Over 15 years ago, as a citizen of Arroyo Grande, I spoke to SLOCOG and the Supervisors on the anti-growth policies that discouraged growth. For example 101 would never go from 2 lanes to three. That the Santa Maria bridge would never go to three lanes.

I suggested that at that time they should could not bind future boards, that their duty was not to inhibit growth but to provide the infrastructure to support growth.

The EIR process as the finding document of the California Environmental Quality Act (CEQA) has been a tactically useful tool by planners. In many instances it appears to been used to forestall or avoid the obligation to provide well planned infrastructure to accommodate growth. The process is inherently political in many instances where if properly used it does facilitate good planning.


In order for the county to “:reform” CEQA, the act itself would have to be changed. If the county intends to interpret it’s requirements or content in any manner that is not consistent with law, they will no doubt be subject to third party lawsuits.

The Act itself has to be changed.


Not true. The County’s CEQA Guidelines and their administration of them go well beyond the states guidelines and should be amended to fit the State’s existing Guidelines. The State Office of Planning and Research has been working for years to update them, but their progress is measured in geologic time. My article also called for the County to work to amend the state’s guidelines which truly needs to happen.

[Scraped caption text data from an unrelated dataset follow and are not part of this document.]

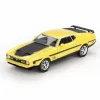 1/64 Ford Mustang Mach1 Grabber Yellow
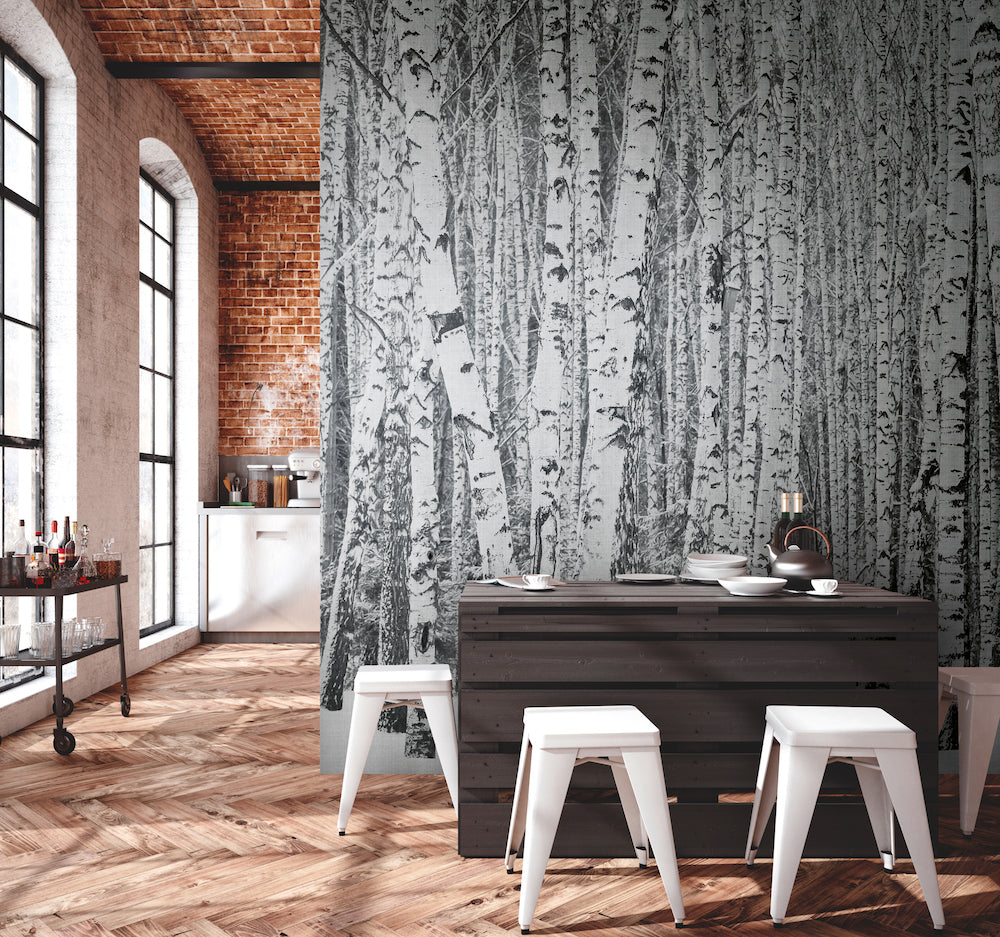 The Wall - Tree Trunks smart walls AS Creation    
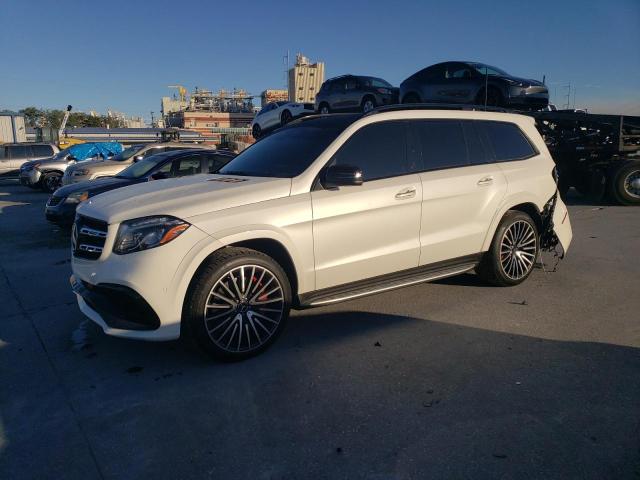 Изображение 1 2018 MERCEDES-BENZ GLS 63 AMG 4MATIC 2018 с VIN 4JGDF7FE5JB080893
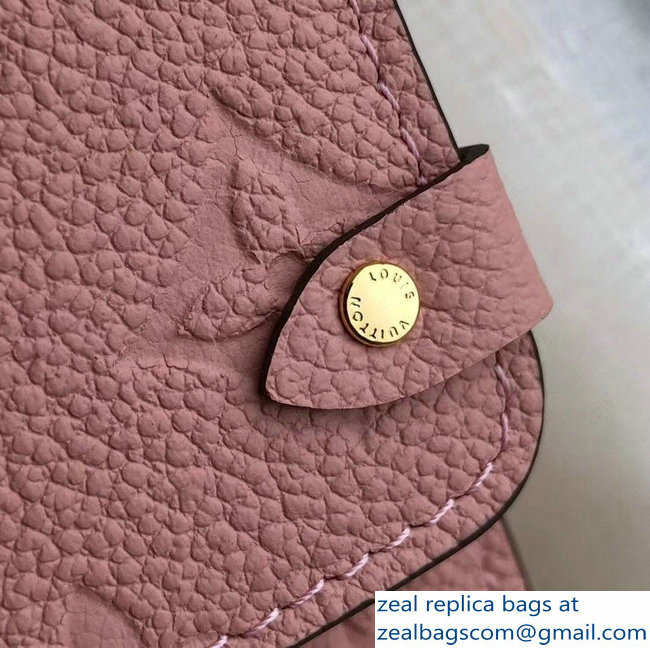 Louis Vuitton Monogram Empreinte Chain Wallet M63399 Rose Poudre 2018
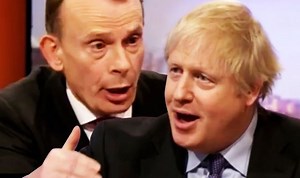 BBC viewers turn TV off as Andrew Marr 'loses temper' with Boris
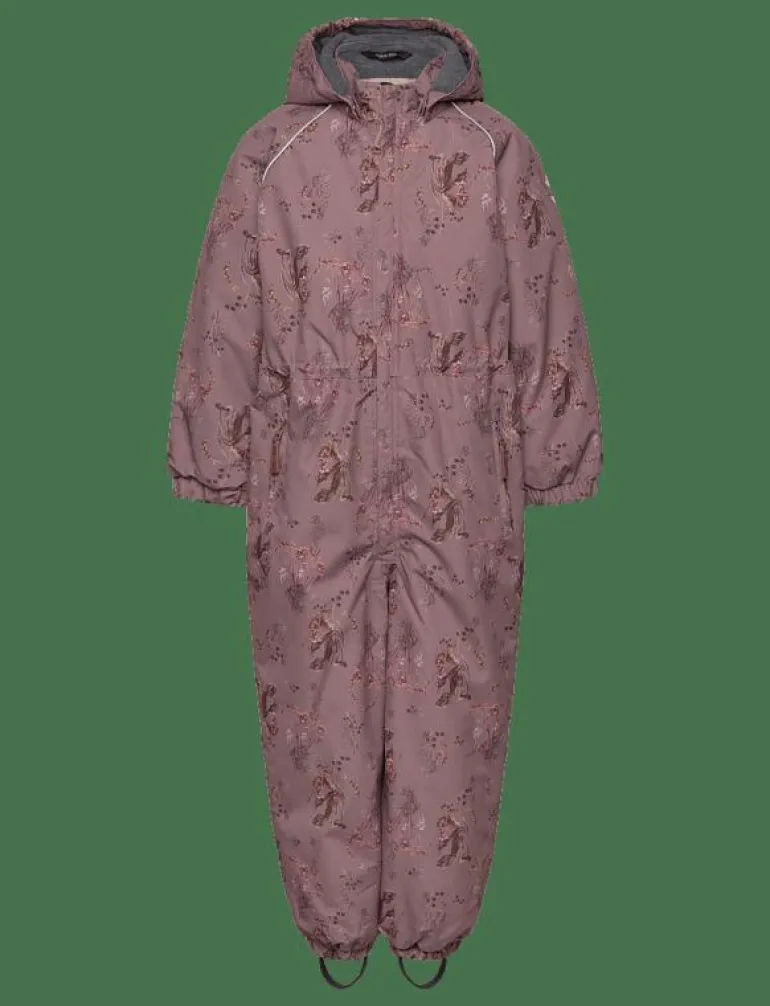 Polyester Junior Suit - Aop Floral - Overaller
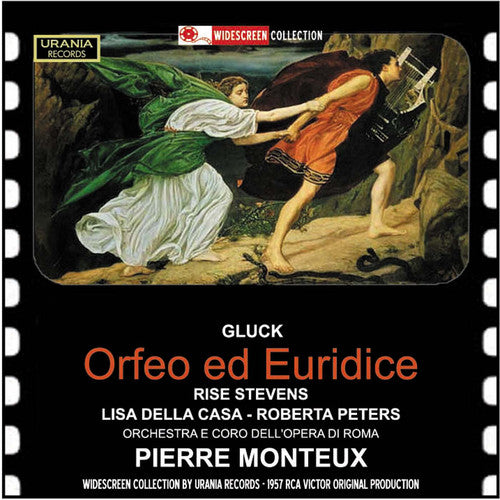 Gluck/ Stevens/ Della Casa/ Ropo/ Monteux - Orfeo Ed Euridice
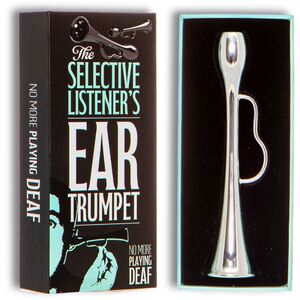 Selective Listeners Ear Trumpet - Funny Husband Gifts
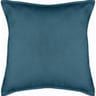 Coussin "lilou" 45x45cm bleu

You can’t simply tailor CEQA to fit your needs.This is the California Environmental Quality Act…not the SLO County Environmental ACT.

“Failure to comply with CEQA to provide full disclosure of information during the CEQA process, which would result in relevant information not being presented to the public agency, would constitute prejudicial abuse of discretion leaving the project proponent open to possible lawsuits.”


Pelican1 sez “You can’t simply tailor CEQA to fit your needs.”

I say, why not? The environmental zealots have! The NIMBIES sure have. And even the Unions have to blackmail projects into pay prevailing (i.e., union) wages.

CEQA needs to be reformed at all levels – at the local implementation level, at the state regulatory level and at the state legislative level.

CEQA has become a noose around California’s neck!


CEQA is subject to public, inter agency, and judicial review. The ONLY reform must be with the Act. CHANGE THE LAW and end the misunderstanding and misinterpretation of this important environmental process.


TKG, how many CEQA documents have you prepared in your lifetime?


Just as I thought.


“Today even the tiniest of impacts are being deemed “significant” when they are not. That needs to change.”

This is exactly why gentrification has been so significant throughout our county. The average median price of a home in San Luis Obispo is now $511,000, that is 195% above the national average.


You cannot arbitrarily determine the significance of an impact….CEQA doesn’t work that way.


Very well written article clarifying what the truth is regarding the application of CEQA not only in the unincorporated part of the county but thru out the entire county. Unfortunately CEQA has often been used by those who do not want any type of development to occur. I think that because these groups do have financial assistance to fight against development that staff weakens and ultimately gives in not wanting to be involved in litigation. I think that you may also have to look at staff that at times they too develop the NIMBY attitude.

It is very refreshing to see Compton and Peschong finally stand up to do the right thing. Hopefully this will bring about good developments that don’t cost Developers hundreds of thousand dollars just to get an answer whether or not their projects are acceptable. I know over the years we have heard some say just charge the developers because they are making too much money. Well for those of you that think this you are wrong and all of those fees and costs are just added onto the cost of the development and if it’s a residential project you can just look in the mirror and thank government for not helping out to provide affordable housing. This is why the estimated current costs to pay in order to get a building permit (all fees) is up around $80,000.